Stored entries:
____________________

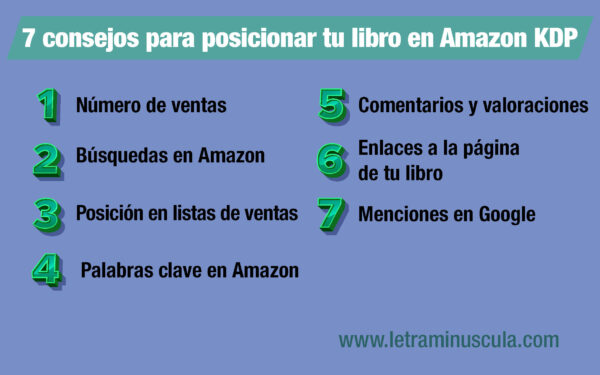 ᐈᐈ Palabras clave en Amazon KDP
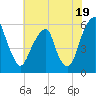 Fairton, Cohansey River tide chart for Friday, July 19, 2024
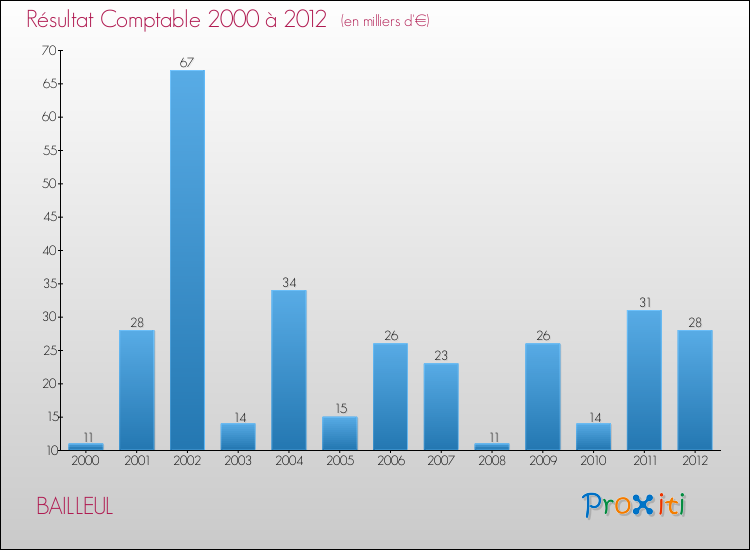 Evolution du résultat comptable pour la commune de BAILLEUL de 2000 à 2012 Evolution du résultat comptable pour BAILLEUL de 2000 à 2012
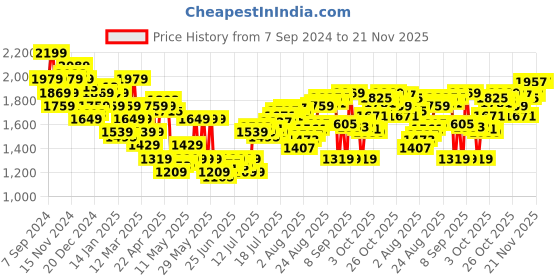 myntra.com Calvin Klein Underwear Outer Elasticated Trunks-NB3836OQ9 calvin klein underwear Price History Graph from 7 Sep 2024 to 20 Nov 2025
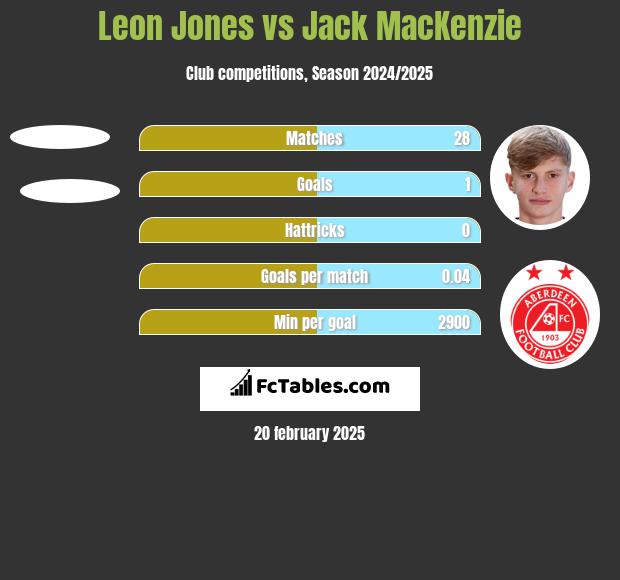 Leon Jones vs Jack MacKenzie h2h player stats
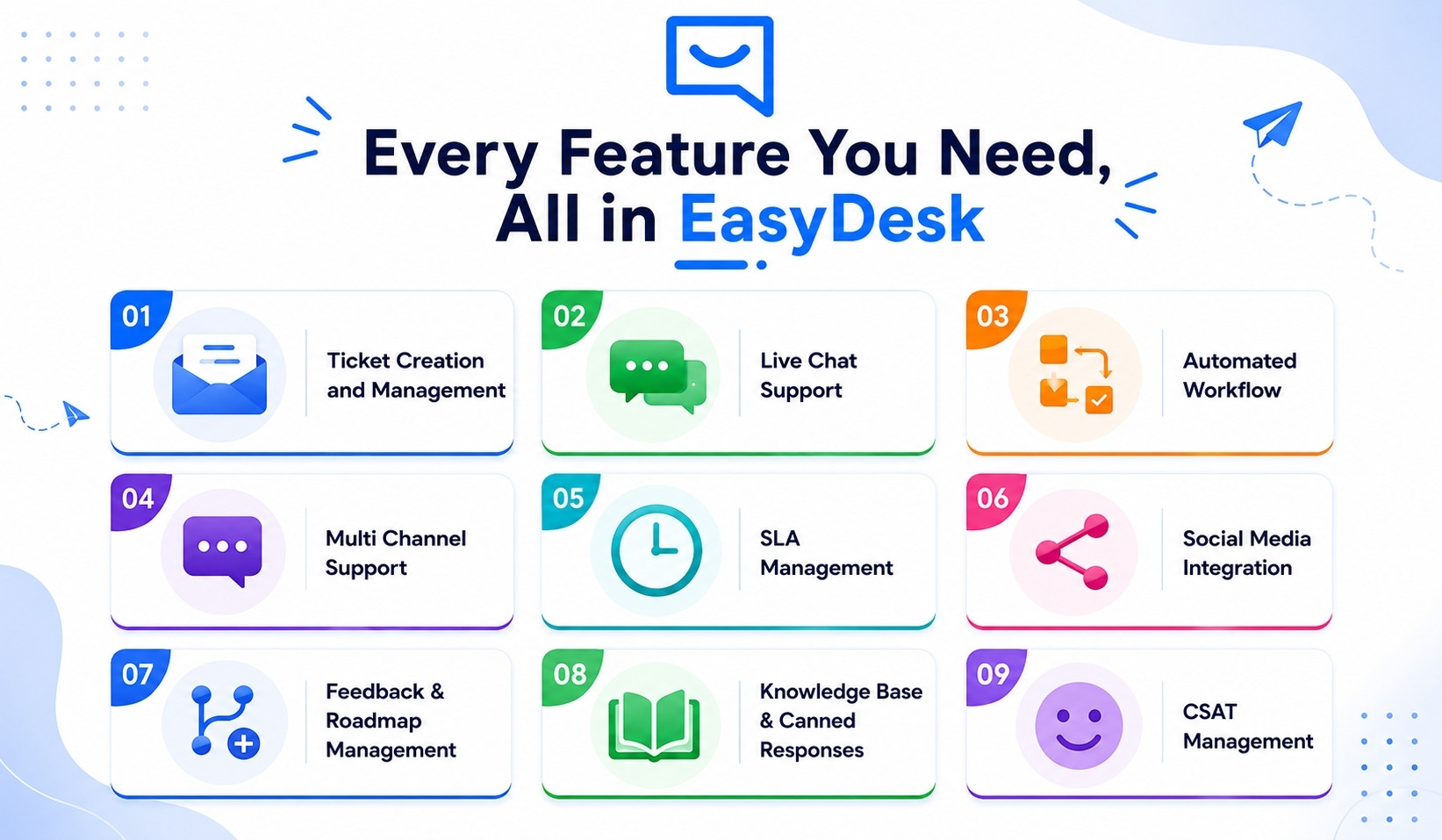 Helpdesk Ticketing Software Core Features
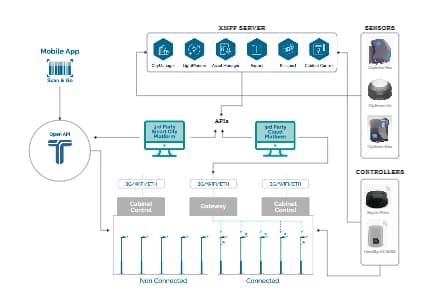 Tvilight IoT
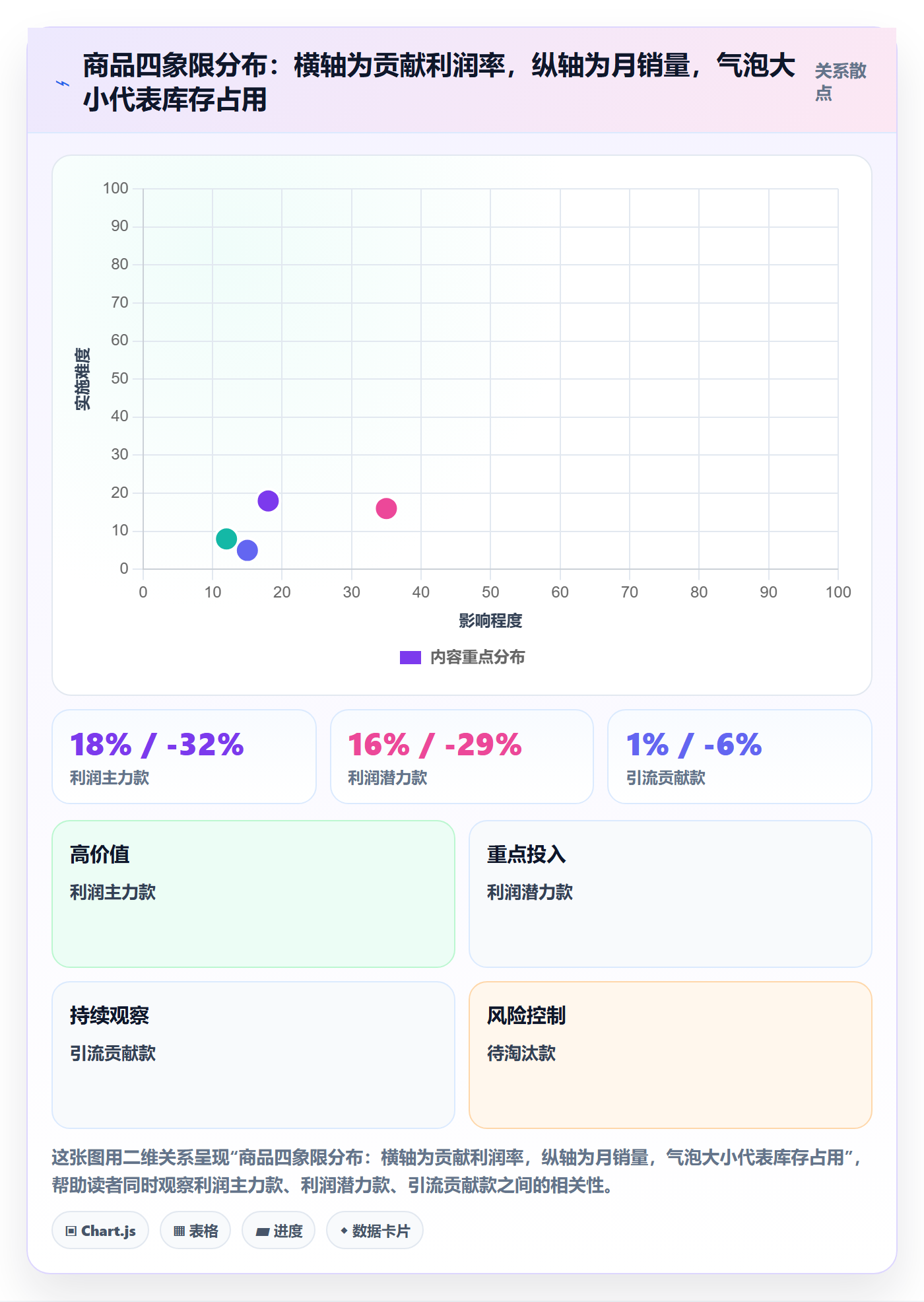 商品分析怎么管？以利润空间为核心的效率提升方案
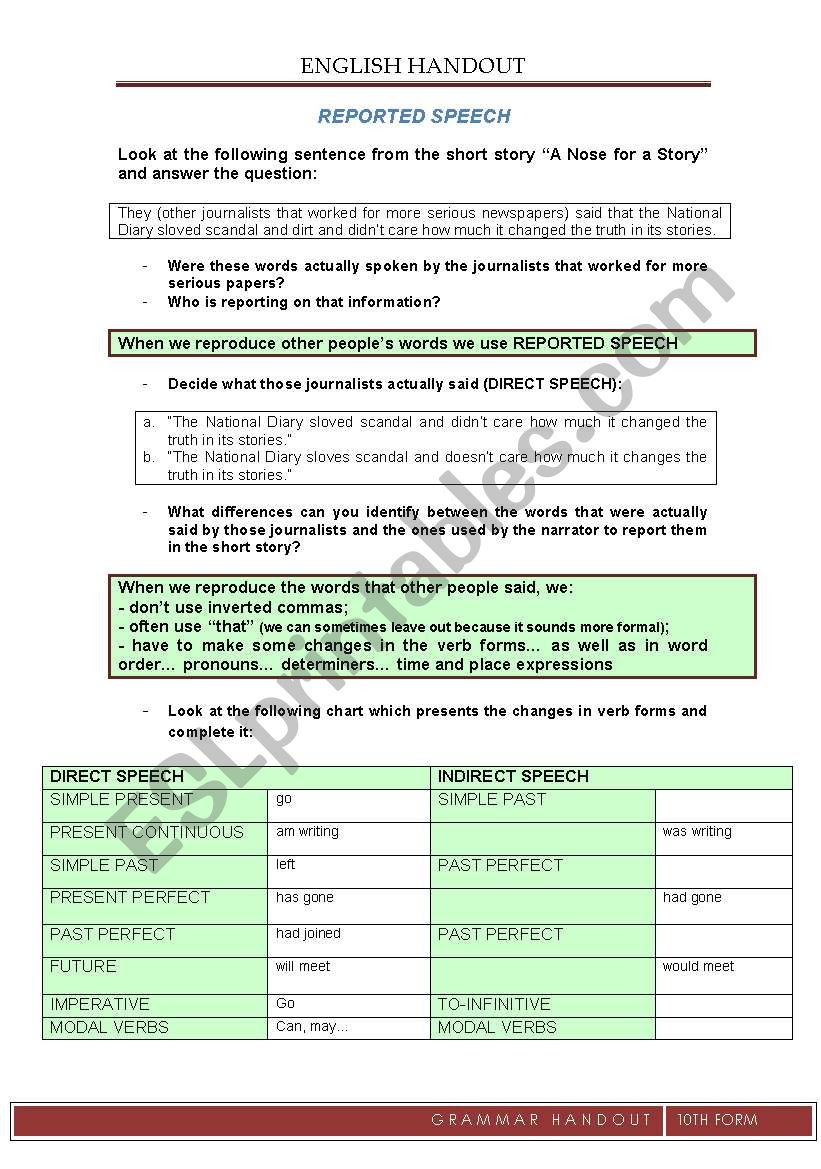 Reported Speech worksheet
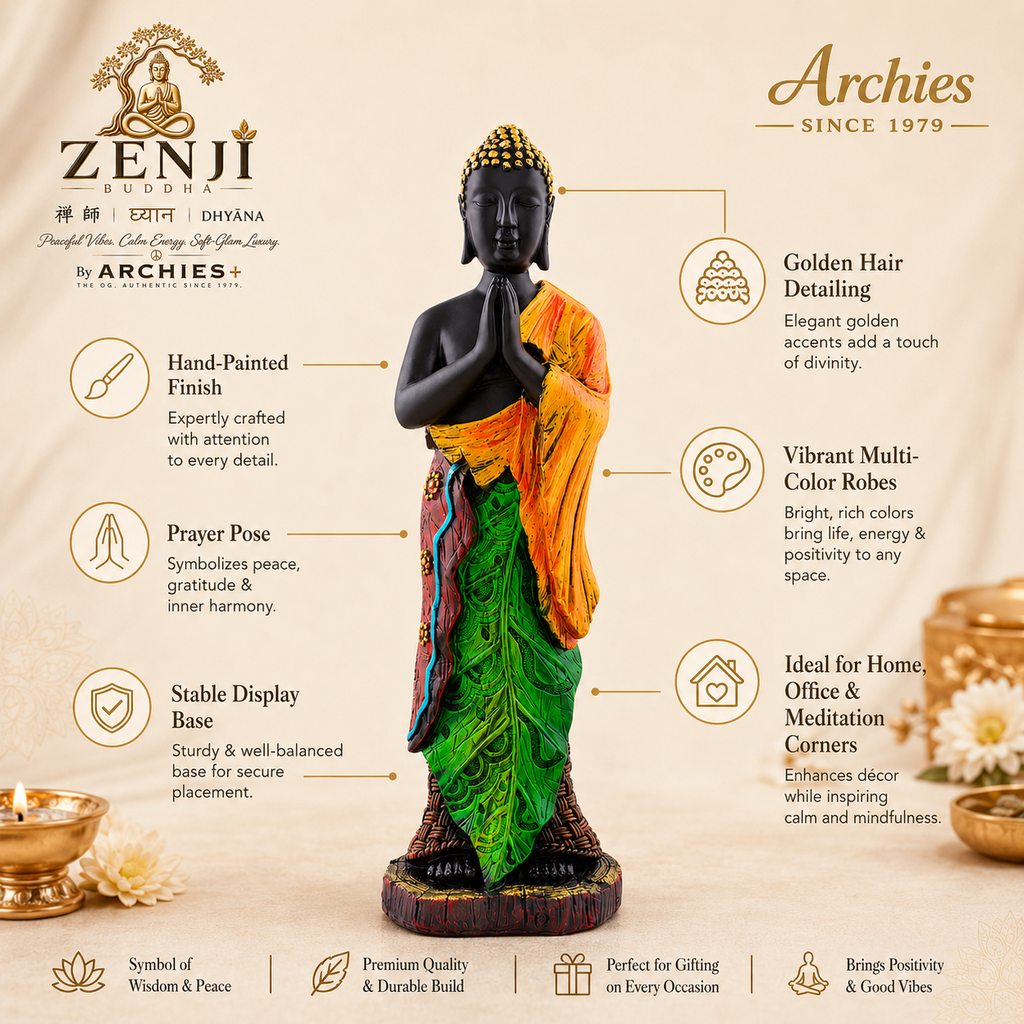 ZENJI Meditating Buddha Statue for Home Decor, Large Decorative Showpiece for Living Room, Office Desk, Meditation Corner, Entryway Console, Shelf Display, Housewarming, Diwali, Pack of 1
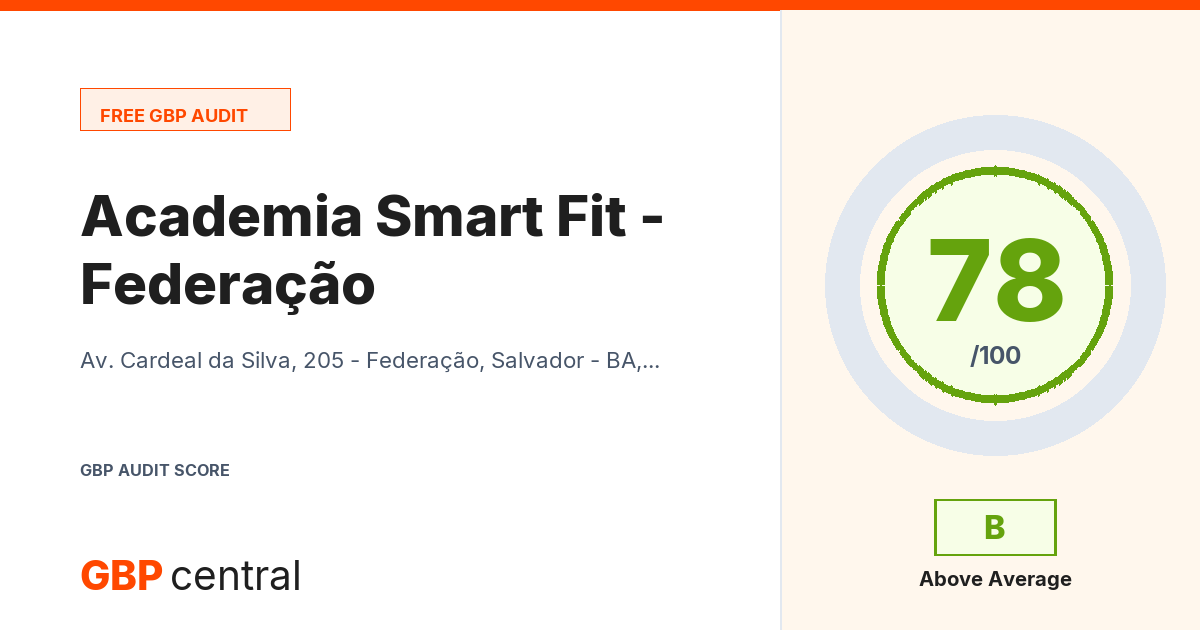 Preview of the Academia Smart Fit - Federação audit report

____________________

**HOW TO COMPLETE THIS TASK:**
Set down again, word for word, every line from the one with "Tvilight IoT" to the one with "ZENJI Meditating Buddha" in the entries above, and omit the pictures.

**REPLY TO THE TASK:**
 Tvilight IoT
 商品分析怎么管？以利润空间为核心的效率提升方案
 Reported Speech worksheet
 ZENJI Meditating Buddha Statue for Home Decor, Large Decorative Showpiece for Living Room, Office Desk, Meditation Corner, Entryway Console, Shelf Display, Housewarming, Diwali, Pack of 1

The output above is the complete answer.